Expect behavior of druid.coordinator.merge.on=true

I have set the config option druid.coordinator.merge.on=true, but small segments haven’t been merged,
but find the following logs every half-hour:

2015-08-12T22:53:54,650 INFO [Coordinator-Exec–0] io.druid.server.coordinator.DruidCoordinator - Issued merge requests for 0 segments

2015-08-12T23:23:54,665 INFO [Coordinator-Exec–0] io.druid.server.coordinator.DruidCoordinator - Issued merge requests for 0 segments

2015-08-12T23:53:54,680 INFO [Coordinator-Exec–0] io.druid.server.coordinator.DruidCoordinator - Issued merge requests for 0 segments

2015-08-13T00:23:54,695 INFO [Coordinator-Exec–0] io.druid.server.coordinator.DruidCoordinator - Issued merge requests for 0 segments

Did I missing somthing?

Hi,
the coordinator merges the segments if -

  1. they are not-sharded

  2. smaller then the configured mergeBytesLimit

make sure the segments you are expecting to get merged satisfy both these conditions.

Hi,
the coordinator merges the segments if -

  1. they are not-sharded

what do you mean by not sharded?

is this a sharded segment or not?

  1. smaller then the configured mergeBytesLimit

The default value for mergeBytesLimit is about 500MB+, and my segment is smaller than that, roughly 20MB or even smaller per segment

Hi,

It seems the segment you sent is ingested with HashedShardSpec with one shard.
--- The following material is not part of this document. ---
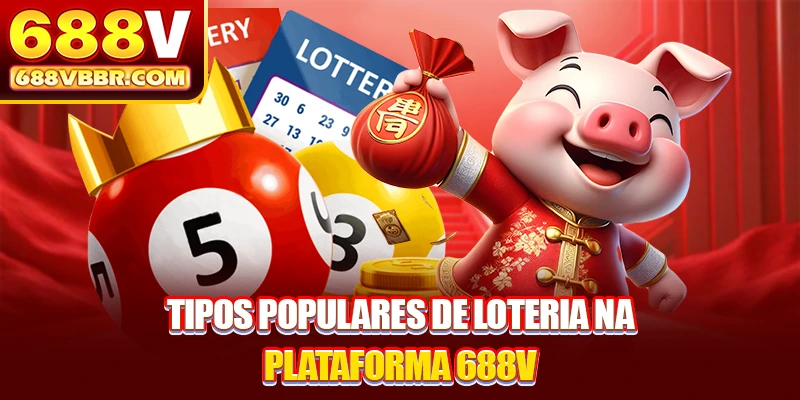 Tipos populares de loteria na plataforma 688V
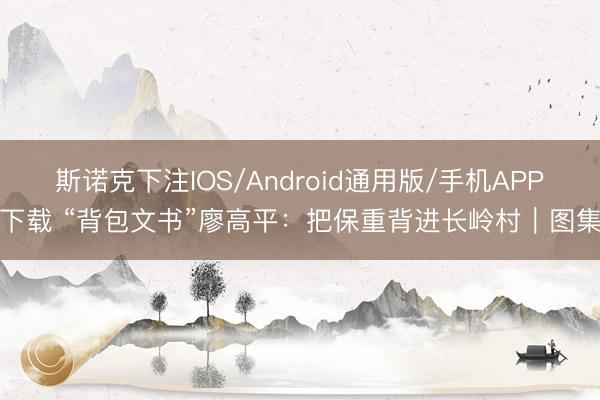 斯诺克下注IOS/Android通用版/手机APP下载 “背包文书”廖高平：把保重背进长岭村｜图集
the current merging code only works with NoneShardSpec. (have opened https://github.com/druid-io/druid/issues/1623 to handle cases where data is ingested with other shardSpec but have only 1 shard)

until this is resolved, you can use NoneShardSpec when ingesting your data and the coordinator should merge your segments.

"shardSpec": {"type": "none"}

More details on sharding are documented here -

http://druid.io/docs/latest/ingestion/realtime-ingestion.html#sharding

Thank you very much Nishant.

Currently, what can I do to merge the segments already produced with HashedShardSpec?

Does the Append task or Merge task (http://druid.io/docs/latest/misc/tasks.html) make sense?

BTW, when the task is running, is the segment data involved available for query?

One more questions, I’am using Tranquility to send event to druid, and how can I set:

  1. the reject policy and

  2. the shard spec

for the ingest task, I haven’t found the api for these settings.

Thanks.

Hi Zhihui,

The idea behind merging is that small segments can be merged into a larger segment as Druid works best when segments are roughly 250MB to 900MB. If you are additionally partitioning your data for an interval, it means that you have too much data for that interval that it needs to be additionally sharded to generate segments of an ideal size. Tranquility’s API should have a tuning component (https://github.com/druid-io/tranquility) where these parameters can be set.

Hi Fangjin,

Thanks for your kindly response, but I didn’t find the ‘tunning component’ that can set the parameters.

I find https://github.com/druid-io/tranquility/blob/master/src/main/scala/com/metamx/tranquility/beam/ClusteredBeamTuning.scala

and https://github.com/druid-io/tranquility/blob/master/src/main/scala/com/metamx/tranquility/druid/DruidTuning.scala,

but didn’t find the API for setting the reject policy and shard spec.

Hmmm, I will ask Gian to take a look.

The same for me. I can’t specify reject Policy for tranquility. Can someone help?

неділя, 16 серпня 2015 р. 18:10:35 UTC+3 користувач Fangjin Yang написав:

You can’t change the rejection policy or shard spec with tranquility – it always uses server time rejection and linear shard specs.

Is there any workaround of it? or tranquility has any further plan to support config shard spec?
merge on is a very useful feature.

Thanks very much

在 2016年4月9日星期六 UTC+8上午6:52:11,Gian Merlino写道:

I think odds are the Druid community will address this not by adjusting Tranquility’s shard specs, but by making it possible to do automated merging of more kinds of shard specs.